TASK: Which lines make up the answer? Those from the line with "Appartement te koop" through the end of the data; reproduce them exactly.

--- GIVEN INFORMATION Enclosed Below ---

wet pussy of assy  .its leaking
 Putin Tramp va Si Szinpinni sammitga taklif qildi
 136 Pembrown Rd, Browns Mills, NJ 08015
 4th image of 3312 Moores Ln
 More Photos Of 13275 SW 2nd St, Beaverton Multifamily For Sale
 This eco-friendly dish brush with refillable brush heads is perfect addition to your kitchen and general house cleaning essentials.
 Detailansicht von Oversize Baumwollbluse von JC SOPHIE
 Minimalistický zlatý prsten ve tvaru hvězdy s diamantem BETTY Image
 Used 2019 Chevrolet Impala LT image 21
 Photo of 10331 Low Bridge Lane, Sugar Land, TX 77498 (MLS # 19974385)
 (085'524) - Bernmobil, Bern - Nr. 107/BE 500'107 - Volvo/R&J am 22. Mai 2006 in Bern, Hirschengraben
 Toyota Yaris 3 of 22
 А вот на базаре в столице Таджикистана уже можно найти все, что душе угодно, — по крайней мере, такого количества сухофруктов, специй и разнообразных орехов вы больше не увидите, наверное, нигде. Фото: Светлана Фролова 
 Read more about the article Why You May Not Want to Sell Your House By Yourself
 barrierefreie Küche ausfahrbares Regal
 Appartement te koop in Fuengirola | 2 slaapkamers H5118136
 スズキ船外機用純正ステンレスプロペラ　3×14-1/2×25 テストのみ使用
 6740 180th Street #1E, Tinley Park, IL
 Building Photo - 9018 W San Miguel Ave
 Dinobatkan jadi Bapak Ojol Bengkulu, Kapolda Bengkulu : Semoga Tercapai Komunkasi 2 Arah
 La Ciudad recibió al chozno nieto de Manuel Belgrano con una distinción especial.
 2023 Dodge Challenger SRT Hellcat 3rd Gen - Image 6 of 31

--- End of Enclosed GIVEN INFORMATION ---

WRITTEN SOLUTION:
 Appartement te koop in Fuengirola | 2 slaapkamers H5118136
 スズキ船外機用純正ステンレスプロペラ　3×14-1/2×25 テストのみ使用
 6740 180th Street #1E, Tinley Park, IL
 Building Photo - 9018 W San Miguel Ave
 Dinobatkan jadi Bapak Ojol Bengkulu, Kapolda Bengkulu : Semoga Tercapai Komunkasi 2 Arah
 La Ciudad recibió al chozno nieto de Manuel Belgrano con una distinción especial.
 2023 Dodge Challenger SRT Hellcat 3rd Gen - Image 6 of 31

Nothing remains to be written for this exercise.